I'm purely interested in the reasons for the late 80's crash (as opposed to using them to make predictions about todays market) From what I've read on this site, today's economics are no -where near the economics of the late 80's (other than a rise in interest rates). Am I right? or are there other similarities happening between now and the 80's?
Cheers all0 -
fimonkey wrote:I'm purely interested in the reasons for the late 80's crash (as opposed to using them to make predictions about todays market) From what I've read on this site, today's economics are no -where near the economics of the late 80's (other than a rise in interest rates). Am I right? or are there other similarities happening between now and the 80's?
The main similarity is that houses are no longer affordable; that people buy them for the sake of making a capital gain. However, interest rates are far lower now than they were then, and there had been a very steep increase after a period of very low interest rates.0 -
Most of that would be covered by A level certainly, they didn't have GCSEs when I was at school so I don't know what that covers!
The economics of today feel a lot different from the 1980s - there are sophisticated financial instruments (CDOs for example) to spread risk and clever central bankers to prevent any nasty recurrence of inflation - but scratch beneath the surface and I think little has changed since the 80s beyond increasing trade flows.
The US and UK are both still running massive trade deficits, Japan and Germany (and now China) run big surpluses. Inflation is on the rise. Most of the country north of Watford (apart from Aberdeen) and West of Offa's Dyke rely on massive tax outflows from London to pay their way. Most people want to be rich without putting the work in to get there. It's the last one that causes bubbles to start, IMHO.0 -
So a CDO is a loan that could potentially be used to stop ppl going bust? (And these didn't exist in the 80's)? Also, I hear it's now much easier to declare bankruptcy, or sort out an ?IVO (sorry can't remember the name of them, voluntary debt repayment things) so these will make it less likely for ppl to loose their homes and face repossession then? In that case I do see the whole picture regarding the 'Bubble' but my own thoughts are that this particular bubble (todays house prices) is likely to just slowly deflate as opposed to burst suddenly. Have I understood?
Thanks0 -
fimonkey wrote:RH Hemmings... Sorry I don't quite get what you mean (my fault entirely). I don't understand why the market stabilising is such a bad thing, or will lead to house proces reducing (is this what you're saying)? I know ppl like to move up the housing ladder to bigger places etc etc, but surely if all property prices stabilise then that's OK?

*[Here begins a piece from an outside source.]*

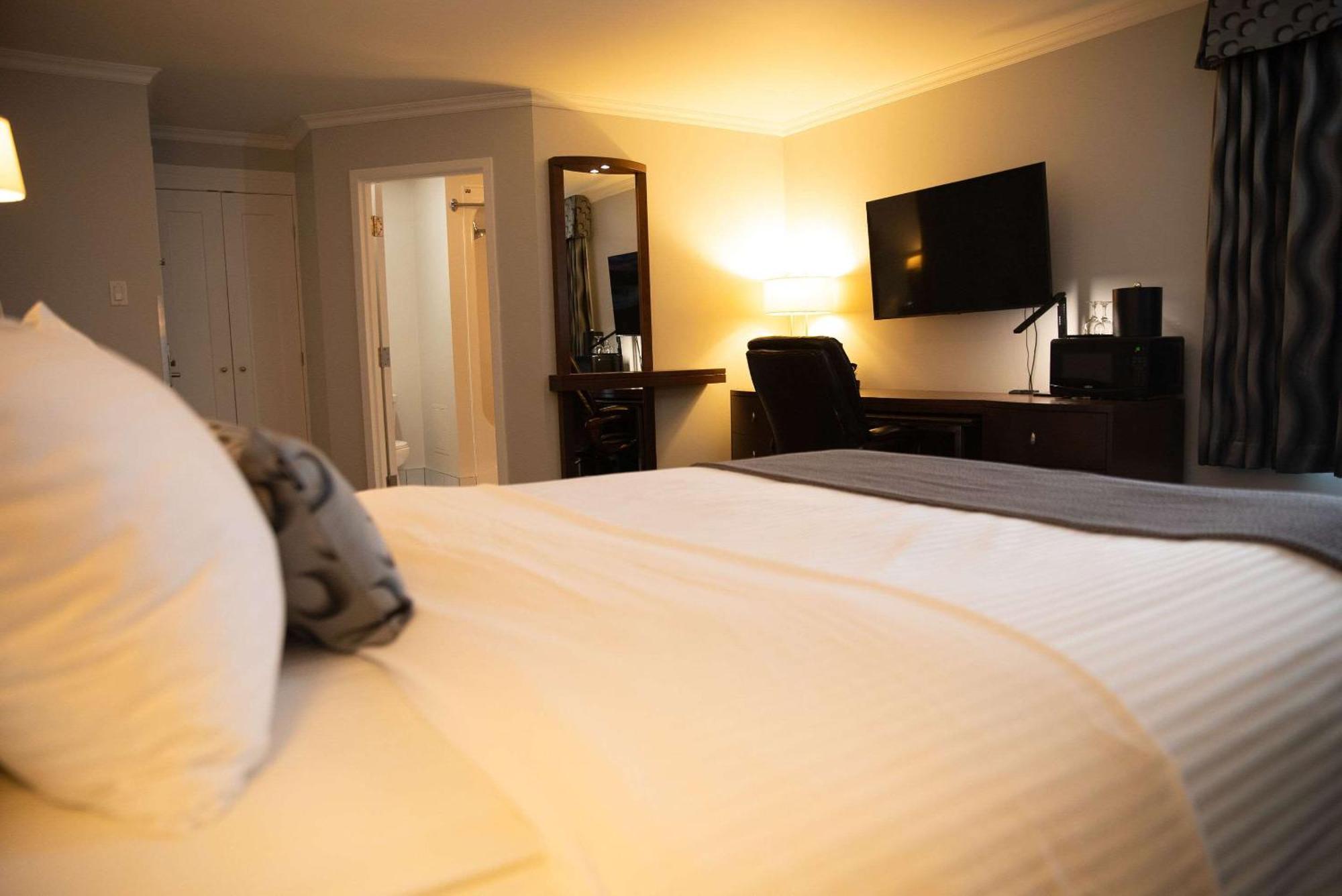Le Noranda Hotel & Spa, Ascend Hotel Collection Rouyn Exterior foto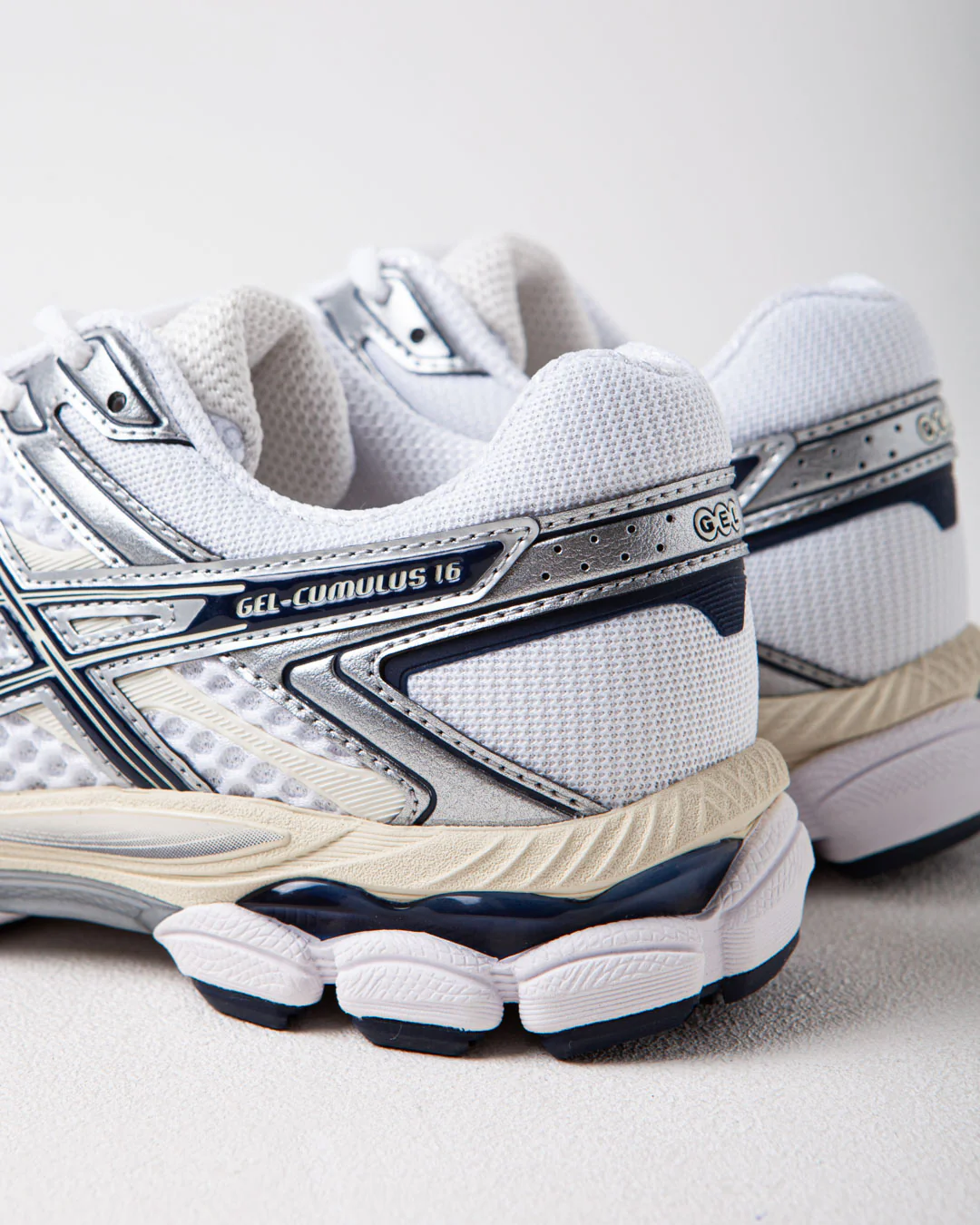 Asics Gel-Cumulus 16 White/Midnight - Image 4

I didn't say it was a bad thing. I think that it is very unlikely to happen in the current market situation. Because people are using equity that came from HPI to fund further HPI. Once prices depend on price rises, the market can no longer stabilise.0 -
fimonkey wrote:So a CDO is a loan that could potentially be used to stop ppl going bust? (And these didn't exist in the 80's)? Also, I hear it's now much easier to declare bankruptcy, or sort out an ?IVO (sorry can't remember the name of them, voluntary debt repayment things) so these will make it less likely for ppl to loose their homes and face repossession then? In that case I do see the whole picture regarding the 'Bubble' but my own thoughts are that this particular bubble (todays house prices) is likely to just slowly deflate as opposed to burst suddenly. Have I understood?
Thanks
A CDO is a way that banks can package up loans and sell them on. In theory it's a way for risks to be spread around more evenly and so reduce risk to each individual finance company.
The current bubble may deflate slowly, it may not even be a bubble at all! However, I can't think of a bubble in the past 400 years that has slowly deflated.0 -
We lost out in the house-price crash (owed 50 odd thousand on a flat worth less than 30), but we paid a fee to a firm called UNION FINANCE, who found a loophole in the law, allowing us to hand our keys in,and walk away from the huge amount of negative equity owed to the lender.

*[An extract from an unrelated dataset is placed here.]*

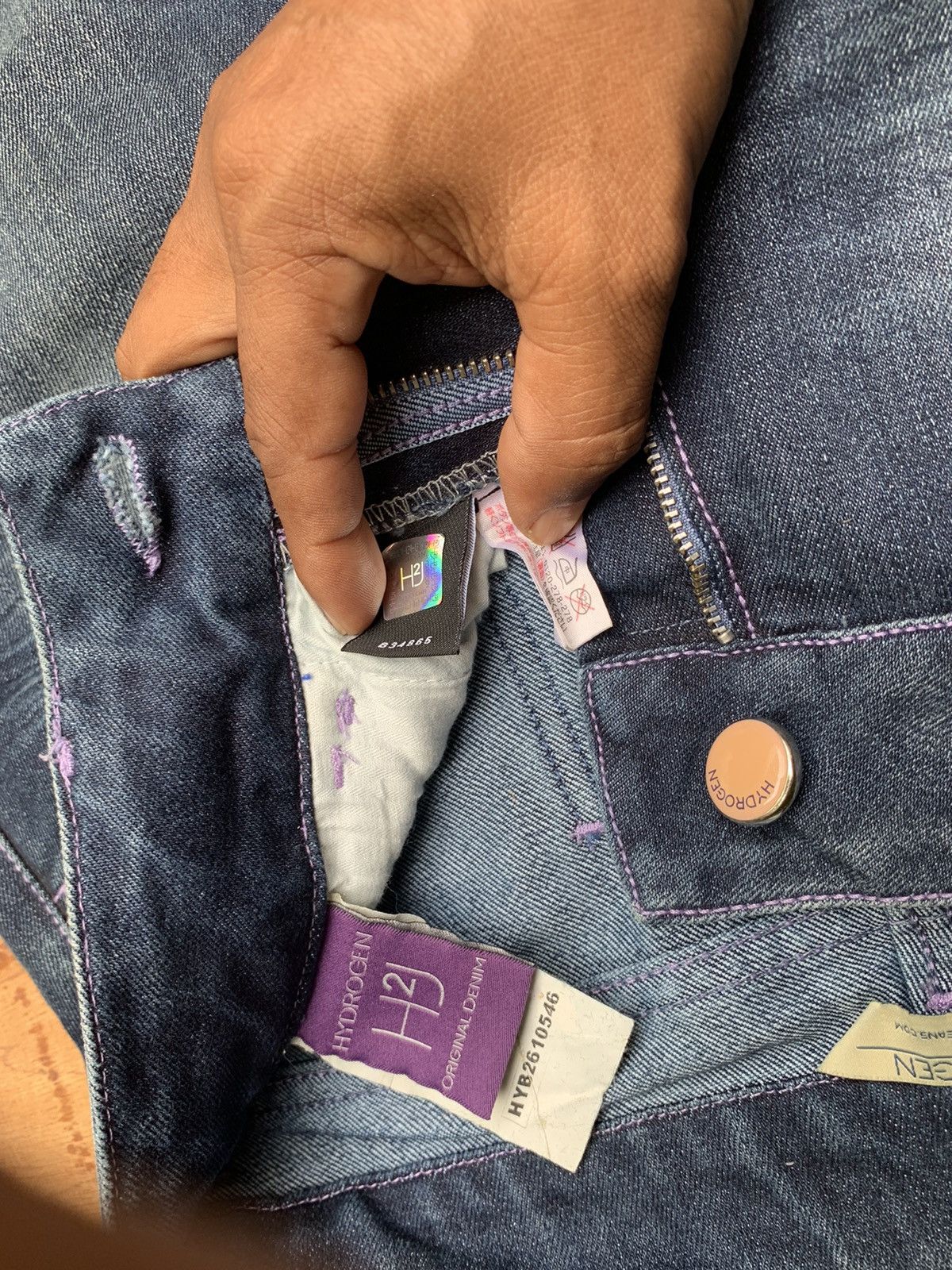 HYDROGEN Rare..Hydrogen Hibiscus Flower Embroidered Streching Jeans Size 29" - 18 Thumbnail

Does anyone remember them? They were closed down eventually, but not before thousands of people used their services.
We had an endowment policy going then as well, which obviously stopped, but I would like to know if we can still get the money back that we paid in for those few years we had the mortgage, or would the bank have seized that?
I've often wondered about this, but not known who to ask or how to investigate.